**WHAT IS EXPECTED**
Where an entry holds an image, leave the image out; otherwise reproduce the entry exactly.

**DATA SHOWN**

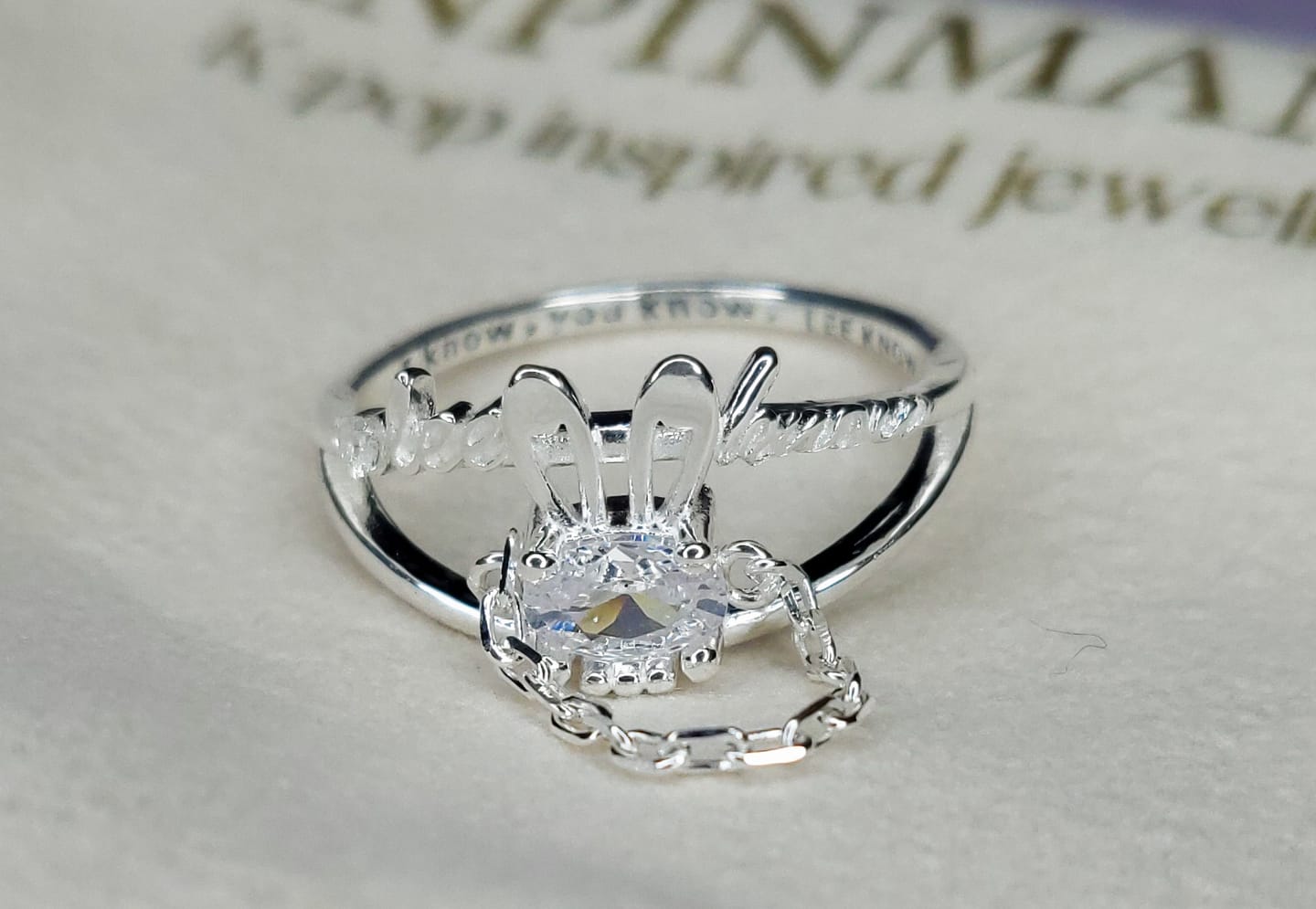 Customer photo review of Leeknow bunny ring (preorder)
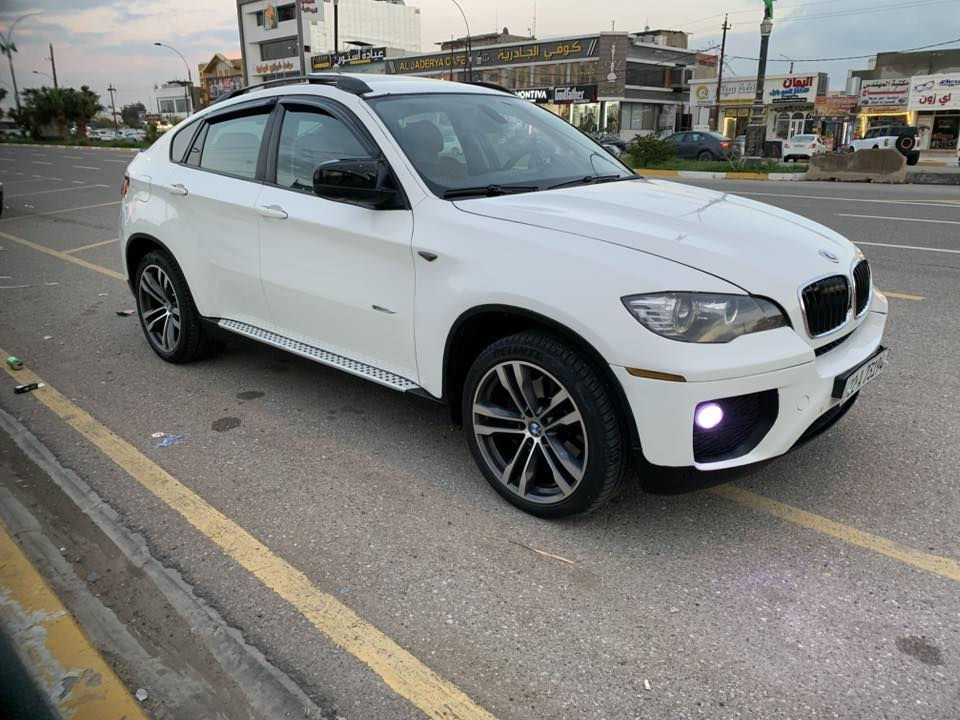 سلام عليكم X6لبيع 2010وكالة عروش خليجي ماشية 150الف محرك N54.V6توين تيربو.سياره كير محرك صدر خلفي امامي تخم تاير كله جديد وبشرط رقم سنويه جديد سياره جاهزه بلاديه صبغ احزام بدون حادث اثر تغليف لزكه نبخت سعر 150$اتصال ***********
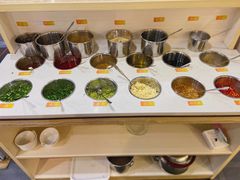 自助调料区-三头牛·潮汕牛肉生蚝火锅 (夏湾店)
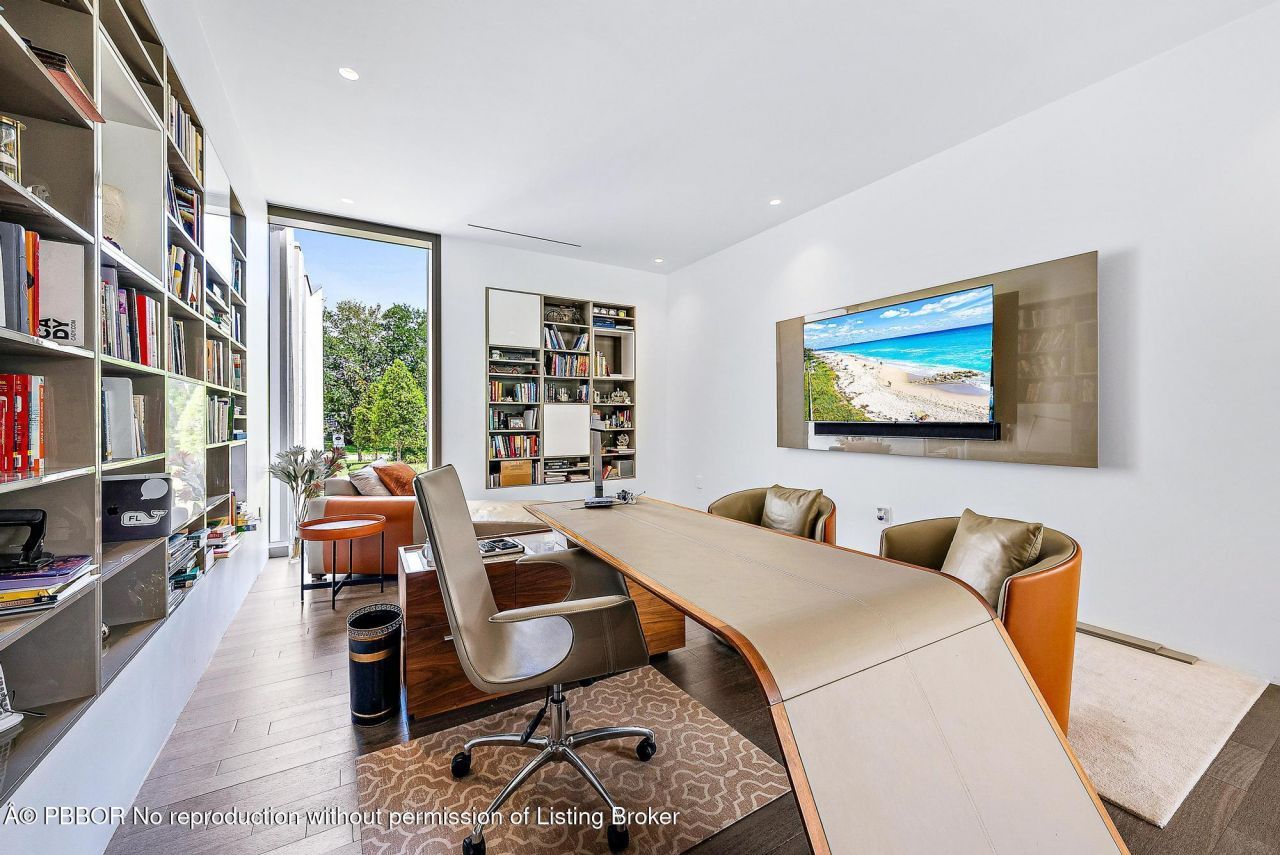 8119 Man O War Road, Palm Beach Gardens, FL 33418 Photo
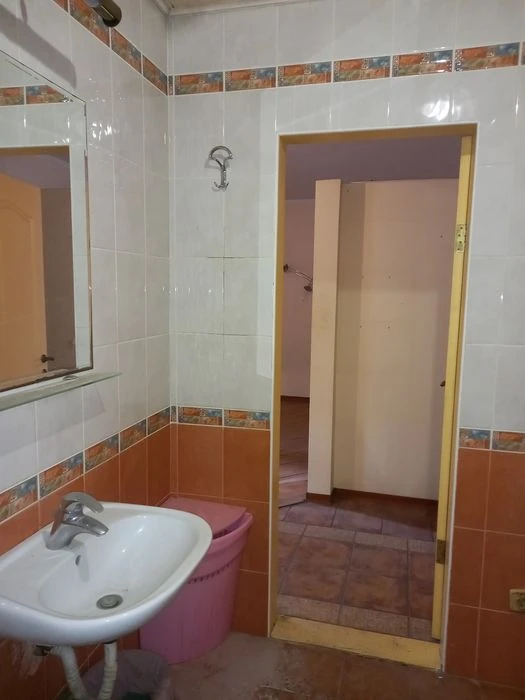 One-room apartment for sale, 2 minutes from Kholodnaya Gora metro station.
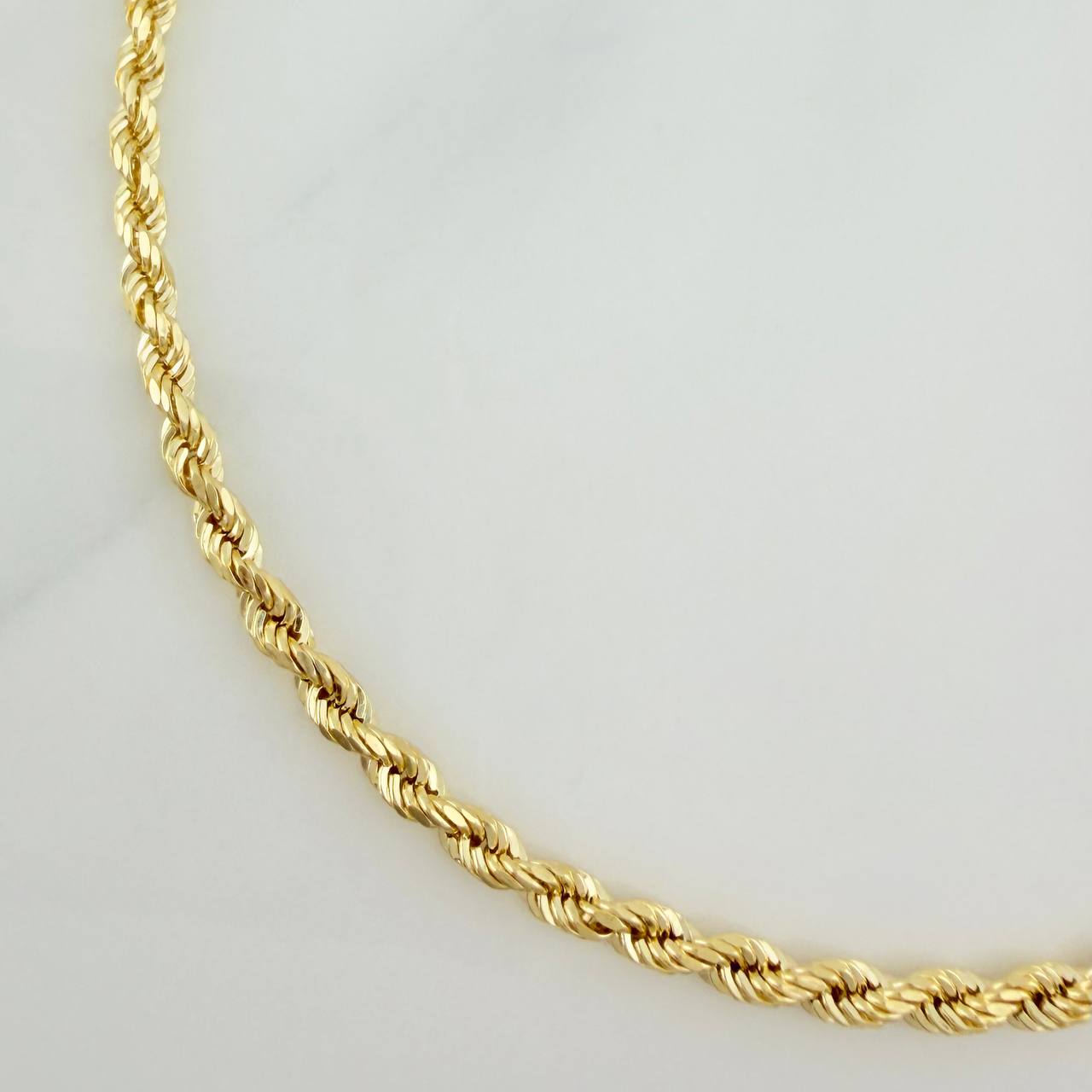 Pulso Lazo 2.35gr / 20cm / 2mm Oro Amarillo +3 18K $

**SOLUTION**
 Customer photo review of Leeknow bunny ring (preorder)
 سلام عليكم X6لبيع 2010وكالة عروش خليجي ماشية 150الف محرك N54.V6توين تيربو.سياره كير محرك صدر خلفي امامي تخم تاير كله جديد وبشرط رقم سنويه جديد سياره جاهزه بلاديه صبغ احزام بدون حادث اثر تغليف لزكه نبخت سعر 150$اتصال ***********
 自助调料区-三头牛·潮汕牛肉生蚝火锅 (夏湾店)
 8119 Man O War Road, Palm Beach Gardens, FL 33418 Photo
 One-room apartment for sale, 2 minutes from Kholodnaya Gora metro station.
 Pulso Lazo 2.35gr / 20cm / 2mm Oro Amarillo +3 18K $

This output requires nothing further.